Berchthold[35] describes a case of typical spastic paraplegia due to lead, and states that the cortical neurons were but little damaged, the weight of the poison having fallen upon the peripheral segments.

Sorgo[36] describes a case of progressive spinal muscular atrophy traced to lead, in which degeneration of the spinal cord was a marked feature.

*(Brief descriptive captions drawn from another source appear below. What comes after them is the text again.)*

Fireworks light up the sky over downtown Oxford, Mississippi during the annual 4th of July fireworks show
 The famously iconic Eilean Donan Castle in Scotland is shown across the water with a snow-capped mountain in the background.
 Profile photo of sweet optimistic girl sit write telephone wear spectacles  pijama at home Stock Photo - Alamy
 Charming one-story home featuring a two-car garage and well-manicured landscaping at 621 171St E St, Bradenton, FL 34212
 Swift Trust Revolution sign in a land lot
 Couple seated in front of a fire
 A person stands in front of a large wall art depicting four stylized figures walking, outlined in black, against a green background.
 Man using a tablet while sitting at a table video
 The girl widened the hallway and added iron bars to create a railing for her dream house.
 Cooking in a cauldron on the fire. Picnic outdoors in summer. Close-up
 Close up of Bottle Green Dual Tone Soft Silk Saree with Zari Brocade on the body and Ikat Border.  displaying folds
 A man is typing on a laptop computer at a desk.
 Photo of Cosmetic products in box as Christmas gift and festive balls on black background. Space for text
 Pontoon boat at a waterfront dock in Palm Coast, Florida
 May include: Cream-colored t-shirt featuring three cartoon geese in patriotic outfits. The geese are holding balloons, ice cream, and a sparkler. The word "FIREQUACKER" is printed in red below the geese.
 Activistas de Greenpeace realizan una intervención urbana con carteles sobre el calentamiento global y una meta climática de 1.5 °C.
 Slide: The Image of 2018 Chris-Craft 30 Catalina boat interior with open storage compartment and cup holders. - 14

Steiglitz[37], in describing the inflammatory processes produced in animals poisoned by lead, makes special mention of a distinct minute inflammatory change in the grey matter of the brain, with vacuolation occurring in the ganglion cells in the anterior horns of the spinal cord. Prévost and Binet[38], on the other hand, describe an inflammation of the peripheral nerves occurring after administration of lead to rabbits for one month. They produced what they describe as “a lead polyneuritis,” with primary affection of the motor nerves. With the brain, as with other parts of the body, various writers describe widely differing changes. Experimentally, when the doses have been massive and the animals rapidly poisoned, very little has been found, and some regard this as evidence against the central origin of lead paresis. On the other hand, in cases of chronic poisoning (mainly chronic industrial poisoning), where an opportunity of post-mortem examination has been afforded, marked atrophic changes have been discovered both in the brain and spinal cord, in the motor nerves supplying the affected muscles, and throughout the nervous system generally, so much so that anterior polymyelitis of old origin is described, vacuolation and degeneration of the ganglion cells, and various other pathological changes associated with nerve degeneration.

On reviewing the literature, it becomes practically certain that in the old and advanced cases of poisoning lesions are invariably found in the central nervous system, while in the less advanced cases the most marked change has been found in the peripheral nerves. In only a very few instances have any observers noted the fact of hæmorrhages occurring in the nervous tissues, and one of the most important observations on this point is the careful description by Mott[39], of a fatal case of lead poisoning in an asylum, in which distinct yielding of the vessel walls with minute hæmorrhages was present in the cerebral cortex. This case is quoted in full on [p. 71].